● **ABOUT THIS TASK**
Copy, exactly and without additions, every line in the records below from the one holding "Betsey Johnson Leanah Platform Pump" through the one holding "Mitt Romney estudia apoyar a Marco Rubio", both ends included.
Start of Block
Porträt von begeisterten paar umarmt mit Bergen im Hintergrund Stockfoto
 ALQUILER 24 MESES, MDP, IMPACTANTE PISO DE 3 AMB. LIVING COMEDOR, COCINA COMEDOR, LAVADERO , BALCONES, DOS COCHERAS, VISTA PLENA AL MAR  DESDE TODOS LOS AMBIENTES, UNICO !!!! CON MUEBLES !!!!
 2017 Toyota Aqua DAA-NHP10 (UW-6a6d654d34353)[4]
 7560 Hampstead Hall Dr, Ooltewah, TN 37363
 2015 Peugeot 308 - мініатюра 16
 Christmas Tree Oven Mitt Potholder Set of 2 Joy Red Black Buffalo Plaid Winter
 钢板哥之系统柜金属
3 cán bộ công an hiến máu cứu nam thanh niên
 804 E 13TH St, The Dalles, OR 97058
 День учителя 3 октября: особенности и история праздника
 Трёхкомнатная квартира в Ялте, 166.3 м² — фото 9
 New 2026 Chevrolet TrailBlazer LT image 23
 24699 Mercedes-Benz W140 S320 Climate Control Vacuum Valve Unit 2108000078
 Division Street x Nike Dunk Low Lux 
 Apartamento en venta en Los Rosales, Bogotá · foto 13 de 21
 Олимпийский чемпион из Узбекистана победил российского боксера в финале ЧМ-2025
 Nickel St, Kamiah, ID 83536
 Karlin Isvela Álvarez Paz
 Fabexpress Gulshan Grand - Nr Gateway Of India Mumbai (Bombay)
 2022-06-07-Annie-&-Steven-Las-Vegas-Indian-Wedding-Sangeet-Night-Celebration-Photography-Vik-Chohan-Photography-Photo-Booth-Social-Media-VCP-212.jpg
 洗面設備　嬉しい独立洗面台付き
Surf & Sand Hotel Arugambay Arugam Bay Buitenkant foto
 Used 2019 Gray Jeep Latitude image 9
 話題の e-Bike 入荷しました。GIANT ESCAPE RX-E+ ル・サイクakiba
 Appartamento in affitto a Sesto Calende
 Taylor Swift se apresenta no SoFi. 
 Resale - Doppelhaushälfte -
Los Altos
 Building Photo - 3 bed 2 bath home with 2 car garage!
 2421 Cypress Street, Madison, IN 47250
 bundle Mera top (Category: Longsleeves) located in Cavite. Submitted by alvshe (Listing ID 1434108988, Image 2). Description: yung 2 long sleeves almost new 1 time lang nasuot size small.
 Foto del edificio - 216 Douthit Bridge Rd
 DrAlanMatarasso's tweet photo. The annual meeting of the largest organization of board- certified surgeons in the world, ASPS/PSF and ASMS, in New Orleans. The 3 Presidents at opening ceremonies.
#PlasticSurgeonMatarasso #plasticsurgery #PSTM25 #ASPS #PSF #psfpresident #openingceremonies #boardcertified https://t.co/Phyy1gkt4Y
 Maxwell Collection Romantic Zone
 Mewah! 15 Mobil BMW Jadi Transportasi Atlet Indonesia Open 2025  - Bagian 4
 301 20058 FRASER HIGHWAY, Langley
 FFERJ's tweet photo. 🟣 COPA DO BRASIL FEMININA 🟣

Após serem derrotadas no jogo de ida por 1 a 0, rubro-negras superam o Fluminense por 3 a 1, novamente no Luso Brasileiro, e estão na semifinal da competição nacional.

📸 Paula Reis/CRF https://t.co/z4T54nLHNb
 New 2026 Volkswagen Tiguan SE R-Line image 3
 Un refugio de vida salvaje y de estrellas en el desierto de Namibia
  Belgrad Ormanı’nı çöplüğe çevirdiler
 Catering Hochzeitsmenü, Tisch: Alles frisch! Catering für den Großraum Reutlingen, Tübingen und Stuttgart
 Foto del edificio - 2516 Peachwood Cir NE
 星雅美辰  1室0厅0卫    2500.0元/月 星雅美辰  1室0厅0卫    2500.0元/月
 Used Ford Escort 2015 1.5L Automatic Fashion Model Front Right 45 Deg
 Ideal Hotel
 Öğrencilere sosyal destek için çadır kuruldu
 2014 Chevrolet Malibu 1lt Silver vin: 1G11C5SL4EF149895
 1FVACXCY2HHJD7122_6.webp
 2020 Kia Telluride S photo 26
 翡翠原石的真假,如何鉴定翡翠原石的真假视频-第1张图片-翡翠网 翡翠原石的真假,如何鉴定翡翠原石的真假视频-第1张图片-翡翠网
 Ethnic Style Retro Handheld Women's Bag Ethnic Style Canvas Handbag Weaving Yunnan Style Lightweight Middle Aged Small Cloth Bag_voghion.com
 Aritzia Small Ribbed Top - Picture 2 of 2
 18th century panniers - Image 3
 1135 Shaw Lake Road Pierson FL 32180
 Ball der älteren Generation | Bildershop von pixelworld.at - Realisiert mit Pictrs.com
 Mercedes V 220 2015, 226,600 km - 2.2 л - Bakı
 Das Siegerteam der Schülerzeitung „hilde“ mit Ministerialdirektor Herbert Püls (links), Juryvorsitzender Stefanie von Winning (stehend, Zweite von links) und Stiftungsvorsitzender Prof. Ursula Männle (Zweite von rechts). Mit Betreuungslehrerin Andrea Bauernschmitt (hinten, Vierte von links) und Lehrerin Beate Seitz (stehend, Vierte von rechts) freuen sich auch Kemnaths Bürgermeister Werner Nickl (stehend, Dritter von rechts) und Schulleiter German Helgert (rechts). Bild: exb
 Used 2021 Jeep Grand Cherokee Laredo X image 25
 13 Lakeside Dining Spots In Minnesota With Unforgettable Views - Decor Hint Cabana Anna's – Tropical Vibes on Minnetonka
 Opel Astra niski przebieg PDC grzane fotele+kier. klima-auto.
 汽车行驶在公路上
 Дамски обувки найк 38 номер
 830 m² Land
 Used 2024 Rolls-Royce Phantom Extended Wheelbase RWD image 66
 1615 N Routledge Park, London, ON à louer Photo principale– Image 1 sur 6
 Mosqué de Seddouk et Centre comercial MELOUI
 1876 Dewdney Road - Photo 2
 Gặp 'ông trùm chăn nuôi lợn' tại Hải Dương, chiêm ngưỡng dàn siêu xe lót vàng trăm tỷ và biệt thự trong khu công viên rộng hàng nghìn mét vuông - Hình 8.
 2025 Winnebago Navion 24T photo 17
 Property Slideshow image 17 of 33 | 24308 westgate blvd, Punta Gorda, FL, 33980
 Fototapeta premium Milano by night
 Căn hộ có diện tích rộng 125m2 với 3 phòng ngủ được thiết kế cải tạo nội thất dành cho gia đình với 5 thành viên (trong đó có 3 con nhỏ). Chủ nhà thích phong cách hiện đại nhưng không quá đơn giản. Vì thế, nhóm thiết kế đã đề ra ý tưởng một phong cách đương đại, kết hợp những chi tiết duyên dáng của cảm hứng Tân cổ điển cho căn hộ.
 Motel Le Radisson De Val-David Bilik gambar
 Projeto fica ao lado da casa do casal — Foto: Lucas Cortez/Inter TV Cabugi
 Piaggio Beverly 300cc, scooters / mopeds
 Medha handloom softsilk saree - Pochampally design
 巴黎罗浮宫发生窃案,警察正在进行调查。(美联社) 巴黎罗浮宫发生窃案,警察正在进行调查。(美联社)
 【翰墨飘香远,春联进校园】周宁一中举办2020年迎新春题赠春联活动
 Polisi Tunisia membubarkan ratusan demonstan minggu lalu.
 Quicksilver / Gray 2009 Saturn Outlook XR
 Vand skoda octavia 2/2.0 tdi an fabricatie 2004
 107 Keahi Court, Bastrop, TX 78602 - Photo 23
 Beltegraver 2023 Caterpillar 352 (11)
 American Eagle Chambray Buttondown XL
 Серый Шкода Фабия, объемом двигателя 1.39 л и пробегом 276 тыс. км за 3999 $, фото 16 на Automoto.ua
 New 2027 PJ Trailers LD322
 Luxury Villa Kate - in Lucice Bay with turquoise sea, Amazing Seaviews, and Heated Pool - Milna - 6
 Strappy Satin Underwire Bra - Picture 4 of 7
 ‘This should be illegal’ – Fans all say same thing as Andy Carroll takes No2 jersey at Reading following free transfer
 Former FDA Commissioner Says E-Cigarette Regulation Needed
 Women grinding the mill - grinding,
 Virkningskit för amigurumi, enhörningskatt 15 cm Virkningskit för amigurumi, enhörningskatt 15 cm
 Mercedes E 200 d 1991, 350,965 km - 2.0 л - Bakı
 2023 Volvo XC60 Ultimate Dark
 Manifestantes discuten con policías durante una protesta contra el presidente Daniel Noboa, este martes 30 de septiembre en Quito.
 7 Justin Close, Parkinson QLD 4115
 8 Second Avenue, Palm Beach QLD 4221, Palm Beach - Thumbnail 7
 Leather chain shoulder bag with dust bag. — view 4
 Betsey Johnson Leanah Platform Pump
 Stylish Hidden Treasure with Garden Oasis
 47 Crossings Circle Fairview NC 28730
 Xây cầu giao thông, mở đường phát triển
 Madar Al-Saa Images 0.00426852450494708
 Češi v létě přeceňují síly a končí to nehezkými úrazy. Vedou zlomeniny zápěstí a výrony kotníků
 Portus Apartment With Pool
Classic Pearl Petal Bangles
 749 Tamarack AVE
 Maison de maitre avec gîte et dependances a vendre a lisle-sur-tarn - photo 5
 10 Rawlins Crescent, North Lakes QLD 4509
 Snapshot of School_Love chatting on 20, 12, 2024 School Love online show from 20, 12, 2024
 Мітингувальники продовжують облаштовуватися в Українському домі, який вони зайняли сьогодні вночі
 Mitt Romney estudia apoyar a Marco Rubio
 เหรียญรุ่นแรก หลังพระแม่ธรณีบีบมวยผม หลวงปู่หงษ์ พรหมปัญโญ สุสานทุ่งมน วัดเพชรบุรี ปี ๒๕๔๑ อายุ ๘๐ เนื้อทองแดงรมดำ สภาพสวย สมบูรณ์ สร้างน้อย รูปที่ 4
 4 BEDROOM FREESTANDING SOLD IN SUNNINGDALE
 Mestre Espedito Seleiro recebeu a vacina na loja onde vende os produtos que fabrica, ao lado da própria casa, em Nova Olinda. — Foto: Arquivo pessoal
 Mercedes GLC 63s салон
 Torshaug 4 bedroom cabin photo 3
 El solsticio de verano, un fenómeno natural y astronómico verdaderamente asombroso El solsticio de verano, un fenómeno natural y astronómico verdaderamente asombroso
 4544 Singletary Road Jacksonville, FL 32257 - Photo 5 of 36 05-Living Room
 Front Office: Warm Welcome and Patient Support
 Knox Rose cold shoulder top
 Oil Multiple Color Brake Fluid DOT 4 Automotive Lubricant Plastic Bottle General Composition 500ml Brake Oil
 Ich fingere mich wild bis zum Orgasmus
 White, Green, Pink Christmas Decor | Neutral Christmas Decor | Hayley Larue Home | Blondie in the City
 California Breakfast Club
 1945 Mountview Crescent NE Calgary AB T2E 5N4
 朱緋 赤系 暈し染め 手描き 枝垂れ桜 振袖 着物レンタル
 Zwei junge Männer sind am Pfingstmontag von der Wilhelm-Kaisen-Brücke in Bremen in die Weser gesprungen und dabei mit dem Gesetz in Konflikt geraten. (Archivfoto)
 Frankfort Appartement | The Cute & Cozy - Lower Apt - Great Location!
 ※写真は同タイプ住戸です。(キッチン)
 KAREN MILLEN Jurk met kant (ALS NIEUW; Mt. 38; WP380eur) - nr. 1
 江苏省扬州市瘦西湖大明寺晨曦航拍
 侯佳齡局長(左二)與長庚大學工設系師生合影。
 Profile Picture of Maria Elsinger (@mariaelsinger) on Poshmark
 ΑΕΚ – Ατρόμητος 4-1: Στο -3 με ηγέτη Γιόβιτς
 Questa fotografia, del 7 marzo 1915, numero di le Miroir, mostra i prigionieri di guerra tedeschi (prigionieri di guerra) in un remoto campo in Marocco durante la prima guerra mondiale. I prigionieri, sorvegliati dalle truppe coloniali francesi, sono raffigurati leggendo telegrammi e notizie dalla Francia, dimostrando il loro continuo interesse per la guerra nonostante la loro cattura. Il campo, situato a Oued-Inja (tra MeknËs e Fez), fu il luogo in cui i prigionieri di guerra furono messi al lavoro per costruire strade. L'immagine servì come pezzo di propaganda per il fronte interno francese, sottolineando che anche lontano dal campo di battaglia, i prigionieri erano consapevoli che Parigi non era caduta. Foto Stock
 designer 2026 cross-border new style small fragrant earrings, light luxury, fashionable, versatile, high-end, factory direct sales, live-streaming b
End of Block
● **OUTPUT FOR THIS EXERCISE**
 Betsey Johnson Leanah Platform Pump
 Stylish Hidden Treasure with Garden Oasis
 47 Crossings Circle Fairview NC 28730
 Xây cầu giao thông, mở đường phát triển
 Madar Al-Saa Images 0.00426852450494708
 Češi v létě přeceňují síly a končí to nehezkými úrazy. Vedou zlomeniny zápěstí a výrony kotníků
 Portus Apartment With Pool
Classic Pearl Petal Bangles
 749 Tamarack AVE
 Maison de maitre avec gîte et dependances a vendre a lisle-sur-tarn - photo 5
 10 Rawlins Crescent, North Lakes QLD 4509
 Snapshot of School_Love chatting on 20, 12, 2024 School Love online show from 20, 12, 2024
 Мітингувальники продовжують облаштовуватися в Українському домі, який вони зайняли сьогодні вночі
 Mitt Romney estudia apoyar a Marco Rubio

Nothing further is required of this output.